Conditions remained in effect for at least 10 sessions and until daily postponement response rates were deemed stable via visual inspection. A judgment of stability required the absence of trend across five sessions and that neither the highest nor lowest points of the condition were included in those sessions. This latter requirement was removed for extinction conditions. Exceptions occurred in some early extinction conditions in which fewer than 10 sessions were conducted. These exceptions were due to the apparent fragility of the avoidance performance (see Initial training). Once responding recovered after several extinction conditions, however, the minimum session requirement assumed the more stringent definition above.

An additional condition type was run for Pigeon 626 due to unusually high response rates on the postponement key in two extinction conditions. To examine the possibility that behavior was maintained by relatively contiguous food presentations, the COD was lengthened first to 10 s, and subsequently to 20 s, with experimental parameters otherwise identical to those in place during extinction conditions. The COD was then reduced to the standard of 3 s for subsequent conditions.

Results

Figure 1 shows mean response rates on the TO-postponement key as a function of R–TO interval for each pigeon across the final five sessions in each R–TO condition, and the final session from each extinction condition (see Table 1 for standard deviations). Each data path represents results from a single R–TO∶TO ratio. Postponement response rates typically varied inversely with R–TO interval for all pigeons across all phases. Two exceptions to this finding were observed. First, Pigeon 1046 pecked the postponement key at a lower rate during the R–TO 15 s condition than during the R–TO 30 s condition of the 1∶10 phase. A later replication of this condition produced a lower rate of responding to the postponement key than the initial exposure, as did replications of the R–TO 30 s condition for this phase. Second, during the 1∶2 phase, Pigeon 626 pecked the postponement key at a higher rate during the R–TO 60 s condition than during both the R–TO 30 s and R–TO 15 s conditions.

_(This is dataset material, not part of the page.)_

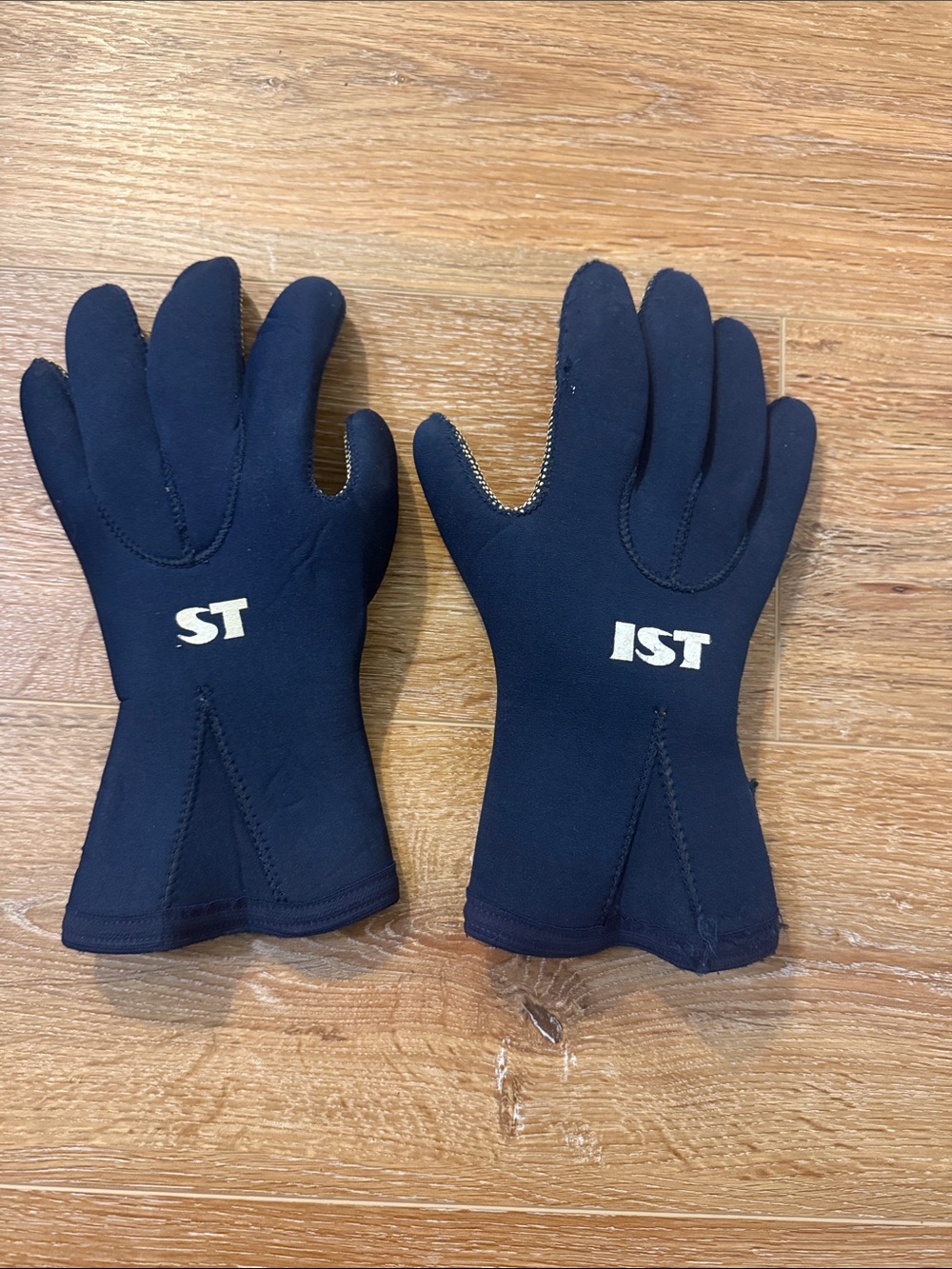IST Navy Blue Scuba Neoprene Grip Gloves with Dotted Palm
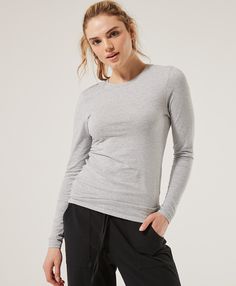 Women's Heather Grey Cool-Stretch Long Sleeve Tee 2X. Super soft organic women's Cool-Stretch Long Sleeve Tee from Wear PACT. Fair Trade Factory. GOTS Certified Organic Cotton Pact Apparel, Capsule Wardrobe Basics, Fitted Long Sleeve, Wardrobe Basics, Long Sleeve Tee, Fair Trade, Capsule Wardrobe, Heather Grey, Long Sleeve Tees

Despite these exceptions, however, postponement responding for Pigeons 1046 and 626 usually followed the same pattern observed for other pigeons, with response rates decreasing as the R–TO interval was increased.

Fig 1. Mean rate of postponement responses for each pigeon over the final five sessions of each R–TO condition, and last session of EXT conditions.

Symbols indicate RTO∶TO duration and appear in the legend in the order of exposure. Unfilled points represent replication conditions.

Responding on the postponement key occurred at low levels in Extinction (EXT) conditions, when such responses were ineffective. The lone exception to this general finding was for Pigeon 626. This pigeon responded similarly to the others during the initial exposure to an EXT condition (R–TO∶TO  =  1∶5) but subsequent exposures to extinction conditions produced higher rates on the postponement key than those obtained during the prior postponement conditions. The extended COD conditions, described above, reduced but did not eliminate entirely postponement responding. Rates returned to their previous high levels when the standard COD was reinstated. Unfortunately, this pigeon died before this experiment was completed.

Figure 2 shows avoidance proficiency, defined as the percentage of TOs avoided, as a function of R–TO interval, over the final five sessions per conditions for each pigeon. The pigeons avoided a high percentage of scheduled timeouts, usually spending greater than 80% of the sessions in TI. The main exceptions occurred at some of the higher R–TO∶TO ratios, where for 3 pigeons avoidance proficiency decreased. In some cases, the functions relating avoidance proficiency to R–TO interval were more graded in these conditions as well, with longer R–TO intervals resulting in greater percentage of TOs avoided.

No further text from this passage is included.